[Bioperl-l] concatenate two embl sequence files

Roy Chaudhuri roy at colibase.bham.ac.uk
Fri Jan 27 15:31:50 UTC 2006


> I've committed the code and tests. See t/SeqUtils.t. The idea is to test all 
> methods and a reasonable portion of all edge values to be sure that the 
> method works as it should.
Cool, thanks for that. My first proper contribution to BioPerl 8^).
The tests look good- I'll know better for next time.

> Note that the code does not create a new sequence object. It modifies the 
> existing one. Therefore it is best not to return that object. The users would 
> assign that to a variable that points to the same structure and get confused. 
> The method now returns true upon completeion.
> 
> Creating a new sequence object is problematic because one needs to add one 
> more dependency (e.g. Clone) and will not work anyway if the sequence 
> implementation is using a database back end. It is better the way you have 
> written it.
Yes, that makes sense. Although with that interface it might be more 
natural in Bio::Seq? If it is a method that will modify a sequence in 
place then it seems more intuitive to call $seq->cat(@seqs) [or even 
$seq->append(@seqs)] rather than Bio::SeqUtils->cat($seq, @seqs).

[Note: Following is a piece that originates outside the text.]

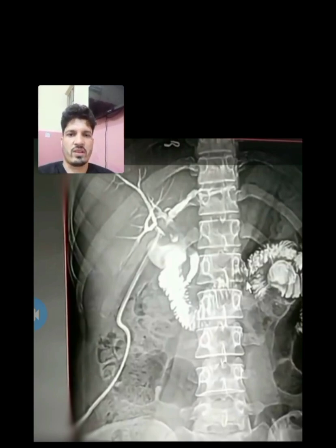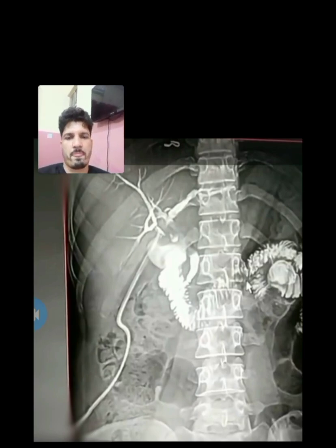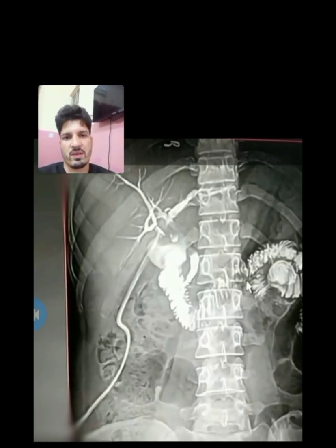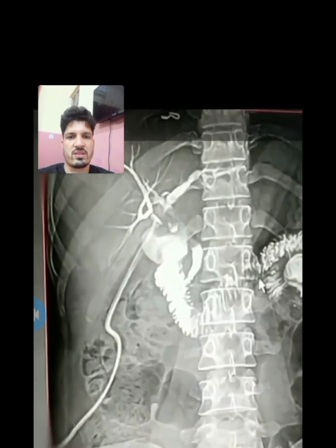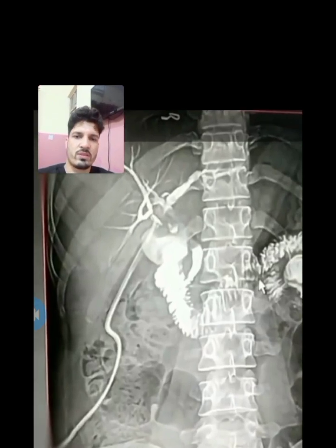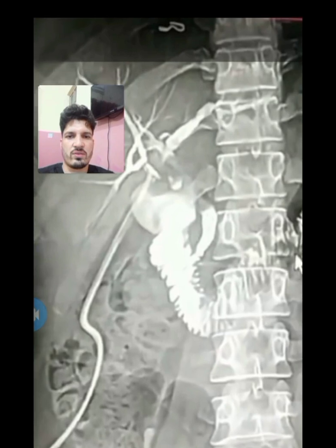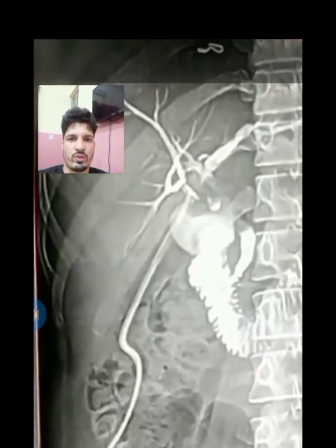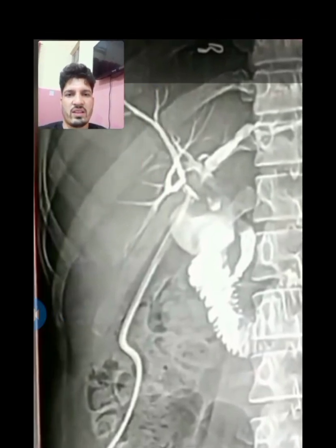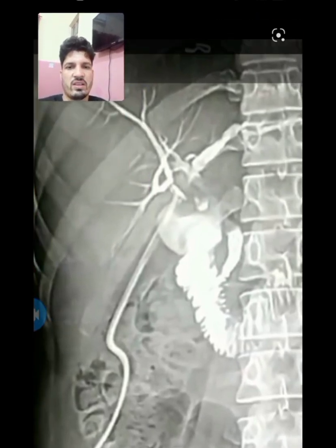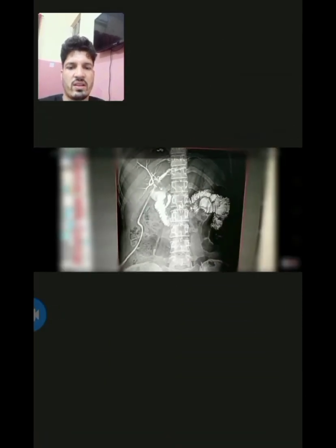Now the second image — this is the T-tube cholangiogram. We have taken this picture after giving contrast to the patient. You are clearly seeing that the intrahepatic biliary system is there, the extrahepatic biliary system is there, and the T-tube is in place. I am now editing this picture so you can clearly identify all the structures.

> I added code to move over the annotations from secondary sequences, but did 
> not do anything remove duplicates if the same sequence gets added twice. I 
> wrote a note about this so that users know to be prepared if that affects 
> them.
I'm not convinced about this- perhaps it should be optional? In practice 
many of the annotations for each subsequence are only going to be 
applicable to that sequence, not the concatenated whole. Some of them 
may also be duplicated even between non-identical sequences. I think 
it'd be better by default to keep just the annotation from the first 
sequence (which probably would still need to be changed, but could at 
least act as a placeholder).

There were a couple of problems with renamed variables/subroutines that 
hadn't all been updated, I've fixed those and pasted the new version below.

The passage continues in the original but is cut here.